Statements of the Supreme State Prosecutor’s Office and Directorate against money laundering and terrorist financing explicitly declares that the Law on Parliamentary Inquiry and the Law on Parliamentary Oversight in the Security and Defense Area are not binding for these authorities.
These laws stipulate that public authorities are obliged to provide access to all requested documents which “could be important for performing the entrusted task,” to act “as soon as possible” and to provide “truthful documents, data and information. ” In this regard, there is no legal basis for “filtering” the information which will be off the communication. Any such action is a law violation.

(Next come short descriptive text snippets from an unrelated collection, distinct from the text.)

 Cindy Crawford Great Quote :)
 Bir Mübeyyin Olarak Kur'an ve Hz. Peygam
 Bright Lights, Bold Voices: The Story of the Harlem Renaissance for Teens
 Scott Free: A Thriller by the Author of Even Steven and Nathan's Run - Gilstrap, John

Therefore, it’s not on these institutions, as it was said in a statement, to “show respect and trust to the Committee members” but to act according to the Constitution of Montenegro, to the Law on Parliamentary Oversight In the Security and Defense Area, and to the Law on Parliamentary inquiry and other legal acts which define relations between the Executive and the Parliament and its working groups during the implementation of parliamentary control mechanisms. Announced “filtering” of information is not only illegal, but will also stultify the implementation of control functions. That’s why MPs should be unique in condemnation of such illegal behavior and statements of the key institutions whose work they should control. It is unacceptable that the MPs of the ruling majority, accept and approve the statement that the Parliament will receive data partially and that the public interest will be assessed before submitting the confidential information to persons who are authorized under the Law on Data Secrecy to have acess to it.

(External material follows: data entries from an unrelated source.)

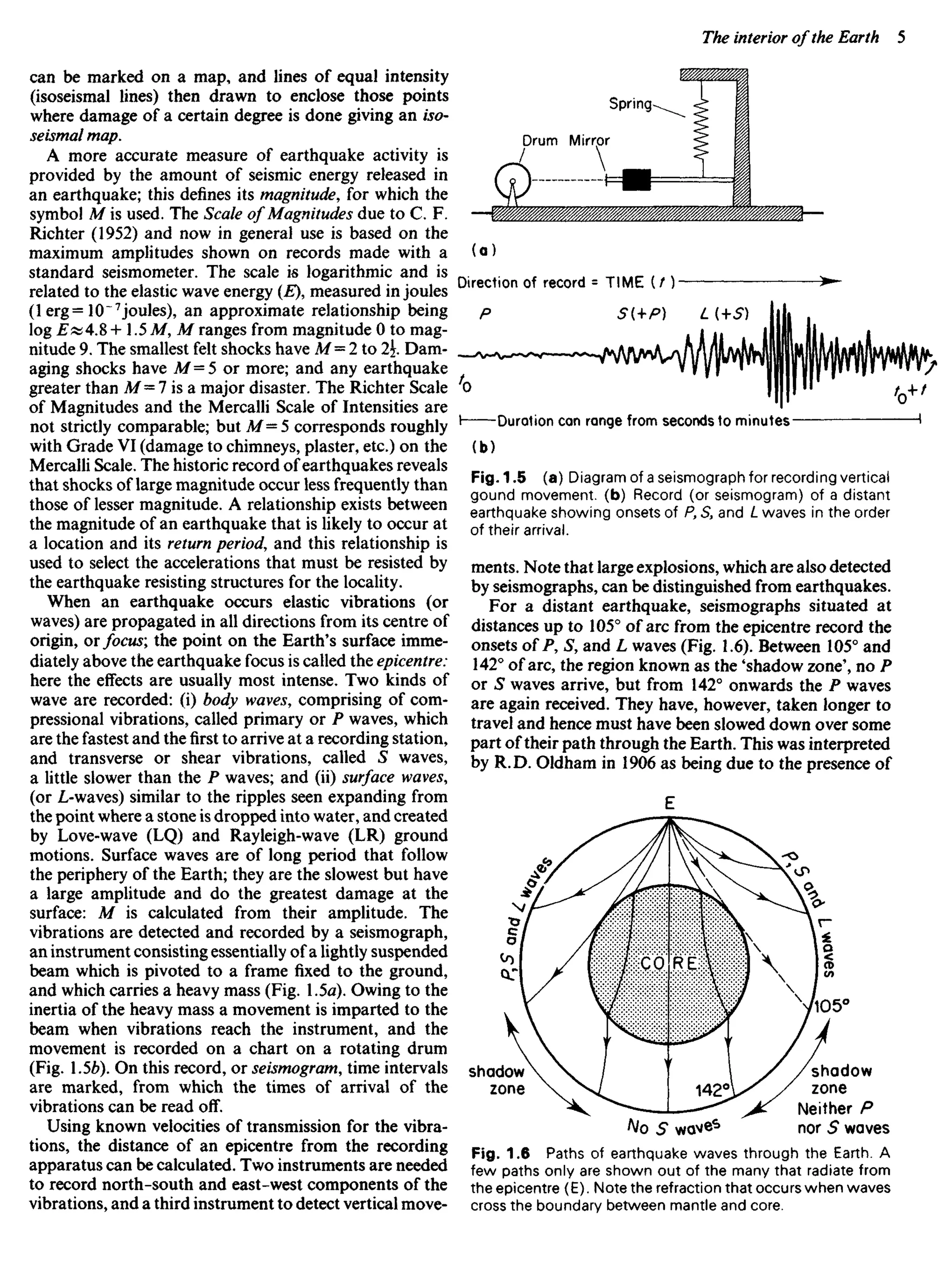 can be marked on a map, and lines of equal intensity
(isoseismal lines) then drawn to enclose those points
where damage of a certain degree is done giving an iso-
seismal map.
A more accurate measure of earthquake activity is
provided by the amount of seismic energy released in
an earthquake; this defines its magnitude, for which the
symbol M is used. The Scale of Magnitudes due to C. F.
Richter (1952) and now in general use is based on the
maximum amplitudes shown on records made with a
standard seismometer. The scale is logarithmic and is
related to the elastic wave energy (E), measured in joules
(1 erg= 10"7
joules), an approximate relationship being
log E«4.8 -I-1.5 M, M ranges from magnitude 0 to mag-
nitude 9. The smallest felt shocks have M= 2 to 2. Dam-
aging shocks have Af =5 or more; and any earthquake
greater than M= 7 is a major disaster. The Richter Scale
of Magnitudes and the Mercalli Scale of Intensities are
not strictly comparable; but M= 5 corresponds roughly
with Grade VI (damage to chimneys, plaster, etc.) on the
Mercalli Scale. The historic record of earthquakes reveals
that shocks of large magnitude occur less frequently than
those of lesser magnitude. A relationship exists between
the magnitude of an earthquake that is likely to occur at
a location and its return period, and this relationship is
used to select the accelerations that must be resisted by
the earthquake resisting structures for the locality.
When an earthquake occurs elastic vibrations (or
waves) are propagated in all directions from its centre of
origin, or focus; the point on the Earth's surface imme-
diately above the earthquake focus is called the epicentre:
here the effects are usually most intense. Two kinds of
wave are recorded: (i) body waves, comprising of com-
pressional vibrations, called primary or P waves, which
are the fastest and thefirstto arrive at a recording station,
and transverse or shear vibrations, called S waves,
a little slower than the P waves; and (ii) surface waves,
(or L-waves) similar to the ripples seen expanding from
the point where a stone is dropped into water, and created
by Love-wave (LQ) and Rayleigh-wave (LR) ground
motions. Surface waves are of long period that follow
the periphery of the Earth; they are the slowest but have
a large amplitude and do the greatest damage at the
surface: M is calculated from their amplitude. The
vibrations are detected and recorded by a seismograph,
an instrument consisting essentially of a lightly suspended
beam which is pivoted to a frame fixed to the ground,
and which carries a heavy mass (Fig. 1.5a). Owing to the
inertia of the heavy mass a movement is imparted to the
beam when vibrations reach the instrument, and the
movement is recorded on a chart on a rotating drum
(Fig. .5b). On this record, or seismogram, time intervals
are marked, from which the times of arrival of the
vibrations can be read off.
Using known velocities of transmission for the vibra-
tions, the distance of an epicentre from the recording
apparatus can be calculated. Two instruments are needed
to record north-south and east-west components of the
vibrations, and a third instrument to detect vertical move-
(b)
Fig. 1.5 (a) Diagram of a seismograph for recording vertical
gound movement, (b) Record (or seismogram) of a distant
earthquake showing onsets of P, S3 and L waves in the order
of their arrival.
ments. Note that large explosions, which are also detected
by seismographs, can be distinguished from earthquakes.
For a distant earthquake, seismographs situated at
distances up to 105° of arc from the epicentre record the
onsets of P, S, and L waves (Fig. 1.6). Between 105° and
142° of arc, the region known as the 'shadow zone', no P
or S waves arrive, but from 142° onwards the P waves
are again received. They have, however, taken longer to
travel and hence must have been slowed down over some
part of their path through the Earth. This was interpreted
by R. D. Oldham in 1906 as being due to the presence of
Direction of record = TIME ( / )
Duration can range from seconds to minutes
shadow
zone
shadow
zone
Neither P
nor S waves
Fig. 1.6 Paths of earthquake waves through the Earth. A
few paths only are shown out of the many that radiate from
the epicentre (E). Note the refraction that occurs when waves
cross the boundary between mantle and core.
Drum Mirror
Spring
 
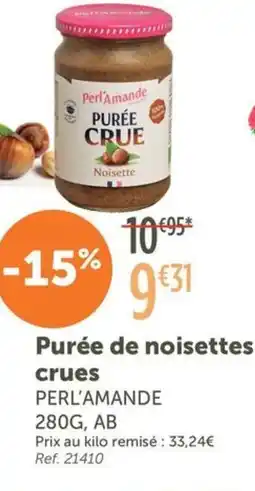 L'Eau Vive PERL'AMANDE Purée de noisettes crues offre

Even if the final court decision would prove that one of the MPs is responsible for delivering the information to the media, the legal system should not be abolished because of the one individual criminal act. In fact, the authorities are not authorized to “punish” the working body of the Parliament. That would mean collectivizing responsibility and ignoring laws that oblige them to submit complete information.
It is disturbing and unprofessional for the authorities in charge of investigating the Law violation to insinuate, without any evidence, that members of the Inquiry Committee or the Committee on Security and Defence are responsible for the “leak” of confidential information.

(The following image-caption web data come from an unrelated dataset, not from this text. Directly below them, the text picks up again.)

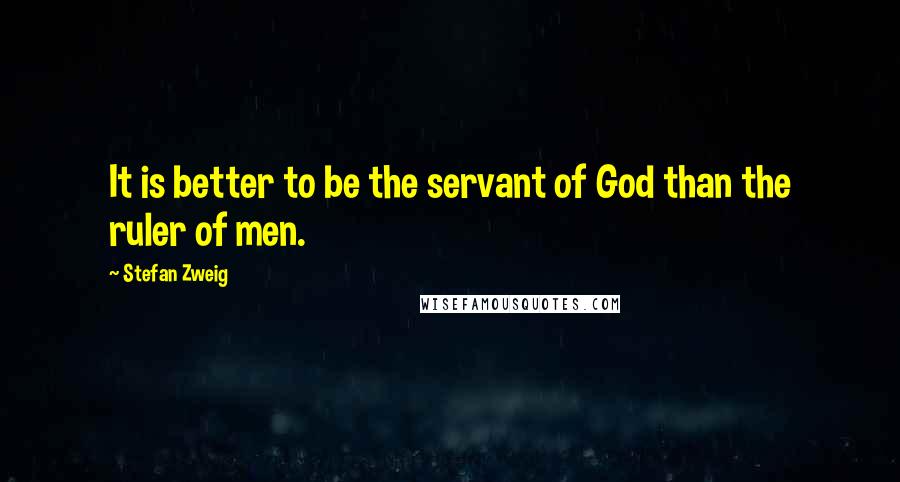 Stefan Zweig Quotes: It is better to be the servant of God than the ruler of men.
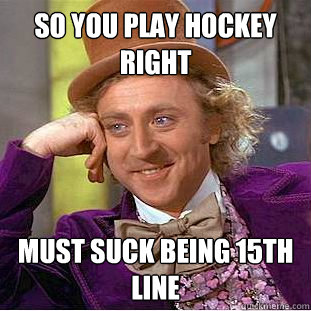 So you play hockey right must suck being 15th line  Psychotic Willy Wonka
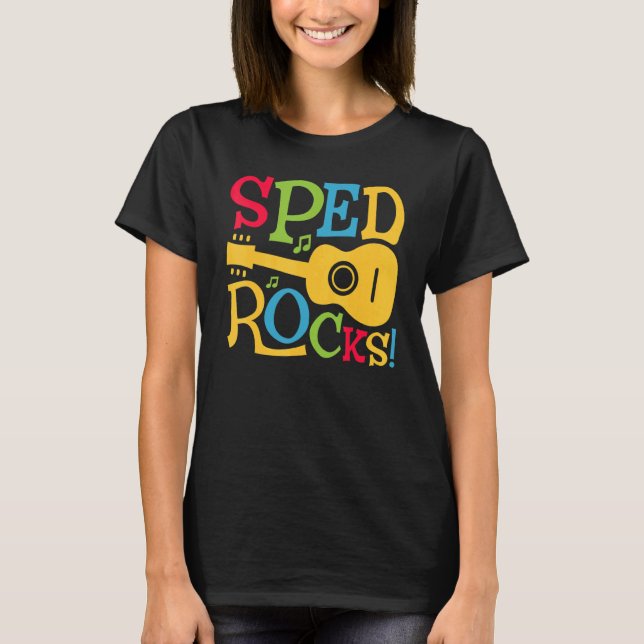 SPED Rocks Special Education Teacher Speducator Wo T-Shirt (Vorderseite)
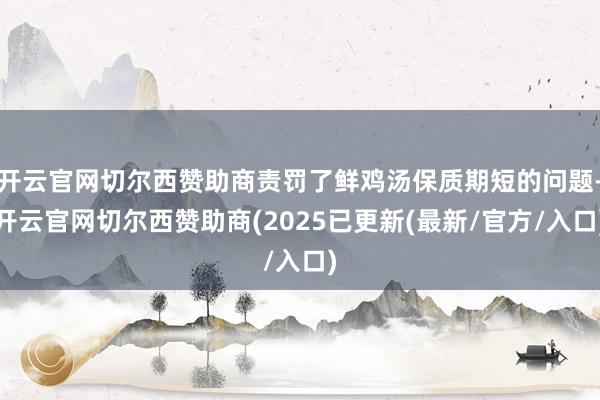 开云官网切尔西赞助商责罚了鲜鸡汤保质期短的问题-开云官网切尔西赞助商(2025已更新(最新/官方/入口)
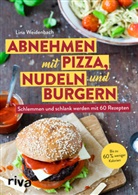 Lina Weidenbach - Abnehmen mit Pizza, Nudeln und Burgern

The former course of the parliamentary inquiry confirmed the potential of this important control mechanism in the Parliamnet’s oversight over the Executive. Parliamentary inquiry was able to bring into focus of the public the six-years long investigation of the state prosecutor’s office, which did not have any concrete results. However, the determination of political responsibilities of specific persons for Telecom Affair, requires more serious work of the Inquiry Committee.
Parliamentary inquiry needs permanent developmentin the future, and events that have marked the last days should not have any impact on the relations between the Executive and MPs and the Parliament, or on the relations between the MPs of the ruling coalition and the mission and mandate of the Inquiry Committee.